::: Data section

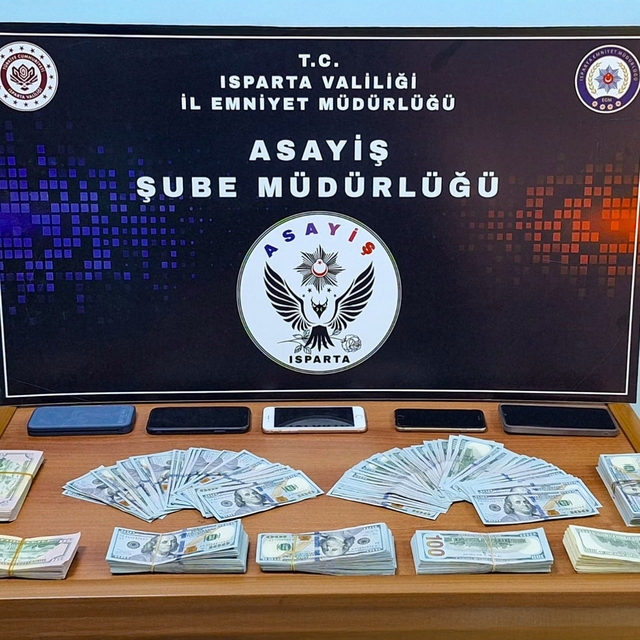 Kendilerini polis olarak tanıtıp milyonluk vurgun yapan 3 şüpheli tutukland...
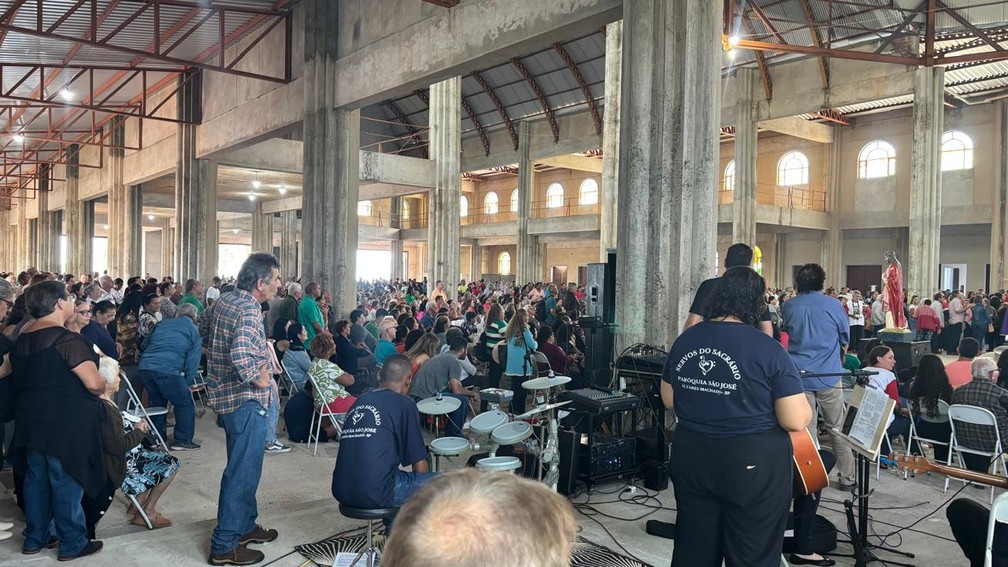 Santo Expedito (SP) recebe milhares de devotos para celebrar padroeiro das causas urgentes — Foto: Mariana Perussi/TV Fronteira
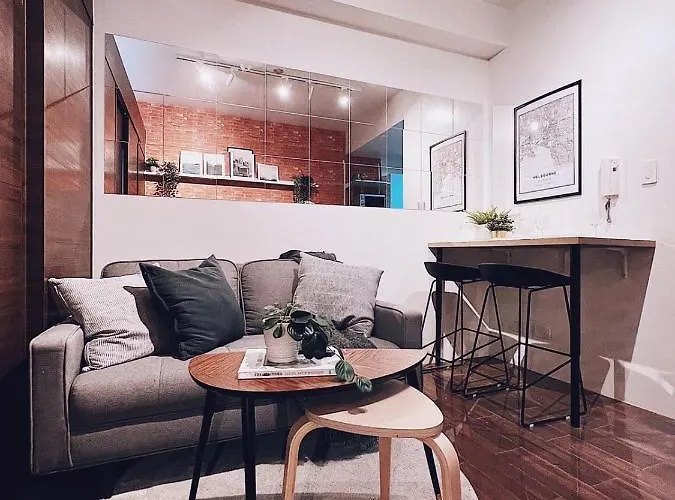 Makati Cosy L Couples Families L 500mbps Wifi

::::::

**Brief:**
No pictures should appear in the copy. Print exactly the lines above from the line containing "Santo Expedito (SP)" through the last line of the data.

**Final answer:**
 Santo Expedito (SP) recebe milhares de devotos para celebrar padroeiro das causas urgentes — Foto: Mariana Perussi/TV Fronteira
 Makati Cosy L Couples Families L 500mbps Wifi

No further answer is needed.